- Image taken during filming.
- Directed by: Ernesto Caparrós
- Produced by: Víctor Correa
- Starring: Chela Castro; Yolanda González; Sergio Miró; José Ochoa; Gabriela Santos; Julio Brito; Celina y Papo (dancing couple); Dance ensemble of the cabaret "Edén Concert"; La Sonora Matancera; Alfredo Brito's ensemble;
- Cinematography: Laureano Rodríguez Gavaldá; Luis Ricardo Molina; Ricardo Delgado;
- Edited by: Víctor Correa; Luis Ricardo Molina;
- Music by: Alfredo Brito; Julio Brito;
- Production company: Noticiario Royal News
- Release date: 1938 (Cuba);
- Running time: 22
- Country: Cuba
- Language: Spanish

= Tam Tam o El origen de la rumba =

Tam Tam o El origen de la rumba (1938, Cuba) is a pioneer short musical film of the Cuban sound cinema, directed by Ernesto Caparrós, based on the music by the brothers Alfredo Brito and Julio Brito. The film aims to show the evolution of La Rumba from its beginnings, through the love story of two young slaves.

== Plot ==
Through music and dance, the evolution of La Rumba is told. As a common thread, the love story of two young slaves is used. Another slave, ignored by the young slave girl, makes her the victim of an evil spell, from which she is freed in a ceremony by her godmother and the priests of the tribe. The liberation of the young slave girl culminates in a dissolution that shows the rumba as it was interpreted and danced in 1938.

== History ==

Tam Tam o El origen de la rumba, was part of a pioneering Cuban sound film project of the 1930s, directed by Ernesto Caparrós and produced by Royal News, which consisted of three short films: El frutero (1933), Como el arrullo de palmas (1936) and Tam Tam o El origen de la rumba (1938), which is the best known for having survived a copy. The other two films that were part of the project seem to have been lost forever.

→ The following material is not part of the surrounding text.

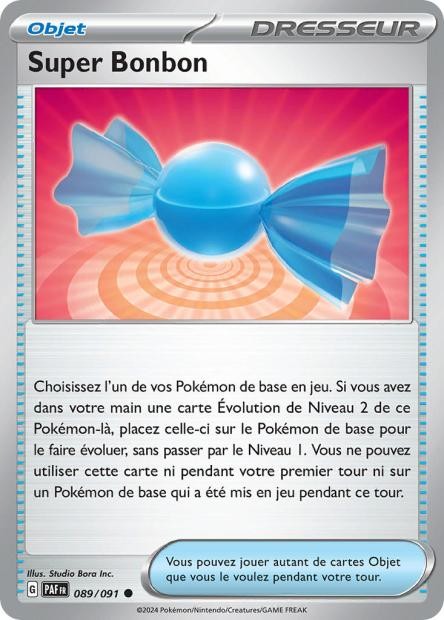 Super Bonbon – 089/091 – Destinées de Paldea (Normale)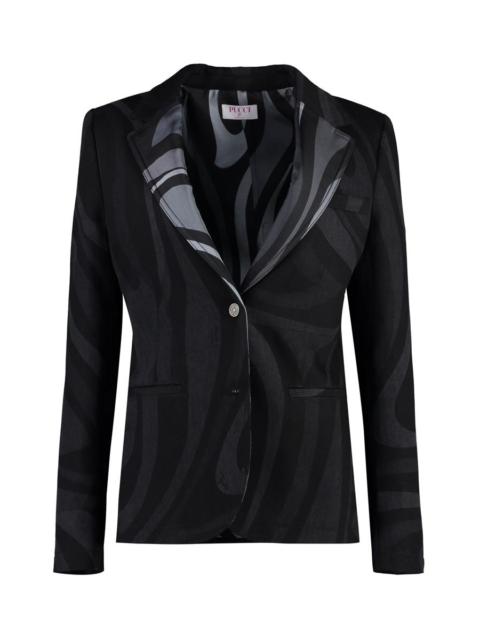 PUCCI PUCCI SINGLE-BREASTED TWO-BUTTON BLAZER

The film was shot in 16mm format, Black and White, with a duration of 22 minutes and its location was the cabaret "Eden Concert" in Havana, Cuba, a fashionable place of the time that years later would be known as "Zombie Club".

It was directed by Ernesto Caparrós, a pioneer of Cuban sound films, who was also in charge of the sound.

The technical team in charge of the photography was formed by: Laureano Rodríguez Gavaldá, Luis Ricardo Molina and Ricardo Delgado.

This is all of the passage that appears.